A visão de fenómenos inexplicáveis parece ter uma origem tão longínqua, quanto a do Homem. Nos nossos dias, essas experiências continuam a ter lugar e a exercer sobre os videntes uma forte sensação de que “alguém” nos vem observando e, até, influenciando as nossas vidas. Quem são? De onde vêm? Com que propósito? Não podemos saber. 

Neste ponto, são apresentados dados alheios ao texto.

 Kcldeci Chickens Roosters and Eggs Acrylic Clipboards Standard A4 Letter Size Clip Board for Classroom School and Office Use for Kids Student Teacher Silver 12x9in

Fazem-se conjecturas a esse respeito e, apesar da enorme ignorância sobre o assunto há a percepção dum caminhar para uma interpretação racional do fenómeno ou, pelo menos, para alguma hipótese de trabalho
.  
Mitos e lendas confundem-se entre o real e o imaginário colectivo. Visões celestes  põem-nos em contacto com criaturas de outros mundos ou de outras dimensões. Deuses, astronautas, ambas as coisas, fantasia popular, ou realidade? A nossa Terra parece ser um enorme palco no qual decorrem, sob os nossos olhares atónitos, incrédulos e impotentes, a mais variada sorte de fenómenos designadamente as aparições ou visões de seres ou entidades antropomórficas acerca dos quais nos chegam as mais remotas referências.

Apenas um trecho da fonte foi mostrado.